(Beginning of Information shown)

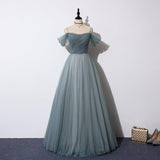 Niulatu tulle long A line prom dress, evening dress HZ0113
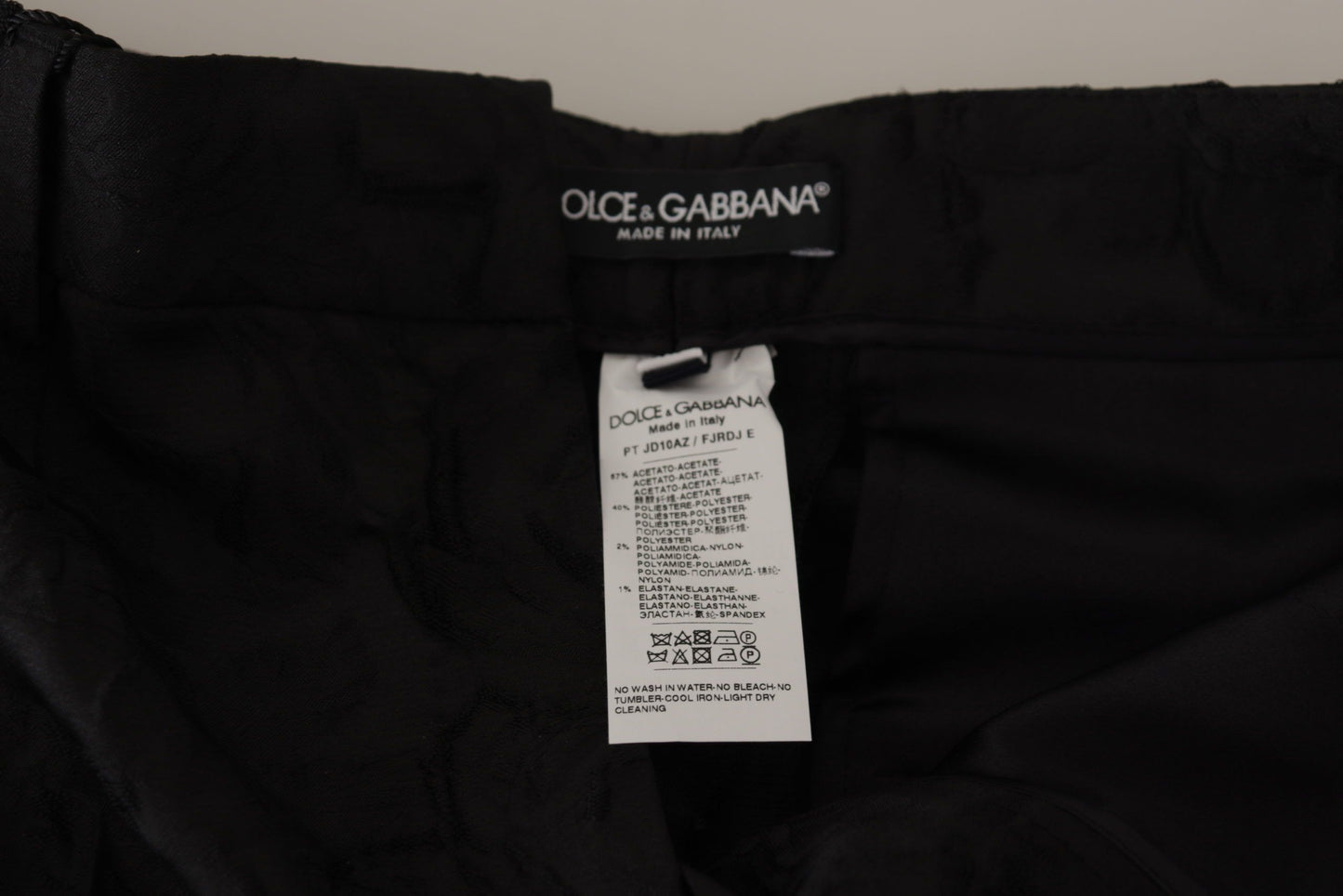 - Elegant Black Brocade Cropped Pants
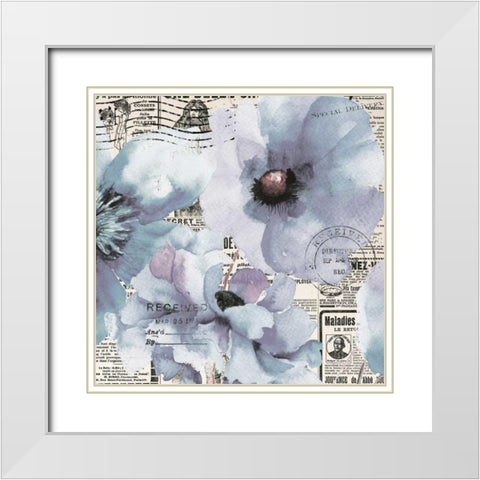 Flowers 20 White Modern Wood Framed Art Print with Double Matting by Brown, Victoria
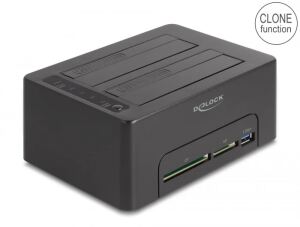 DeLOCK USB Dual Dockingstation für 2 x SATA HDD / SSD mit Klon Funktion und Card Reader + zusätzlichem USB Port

(End of Information shown)

Work to be completed
Keep every word of the material exactly as given. Drop the pictures.

Task result
 Niulatu tulle long A line prom dress, evening dress HZ0113
 - Elegant Black Brocade Cropped Pants
 Flowers 20 White Modern Wood Framed Art Print with Double Matting by Brown, Victoria
 DeLOCK USB Dual Dockingstation für 2 x SATA HDD / SSD mit Klon Funktion und Card Reader + zusätzlichem USB Port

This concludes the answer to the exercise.